Fitch affirms South Africa's long-term foreign and local currency ratings, outlook remains stable

Fitch Ratings today announced that it has affirmed the country’s long term foreign and local currency Issuer Default Ratings (IDRs) at ‘BBB’ and ‘BBB+’ respectively. Fitch has also affirmed South Africa’s outlook at stable.

Among positive factors influencing Fitch’s ratings affirmation were a strong banking system and deep local capital markets. The ratings agency said that government debt was largely denominated in local currency and has a high average maturity and this limited exchange rate and financing risk.

Fitch also indicated that weak economic growth and a widening current account deficit were downside drivers preventing the economy from achieving a more positive rating. The National Treasury considers Fitch's decision fair in view of the global economic climate and the South African government's commitment to its counter cyclical fiscal policy stance.
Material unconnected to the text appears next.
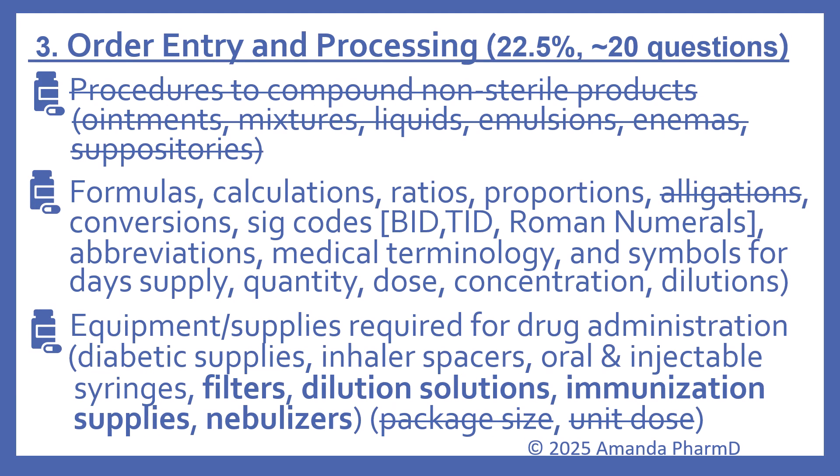Order entry and processing makes up the next biggest section — about 22.5% and about 20 questions. They have removed procedures to compound non-sterile products, including ointments, mixtures, liquids, emulsions, enemas, and suppositories. Still on the outline are formulas, calculations, ratios, and proportions — though allegations has been removed from that list. Conversions, SIG codes like BID and TID and Roman numerals, abbreviations, medical terminology, and symbols for day supply, quantity, dose, concentration, and dilutions are all still present.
As set out in the 2013 Medium Term Budget Policy Statement, government’s fiscal framework is aimed at reprioritising expenditure and revenue, while providing support to the economy and strengthening infrastructure investment for sustainable long-term growth across all critical sectors of the economy.

The South African government is committed to consistently making efforts to address the concerns identified in Fitch’s rating review which is aimed at improving investor confidence.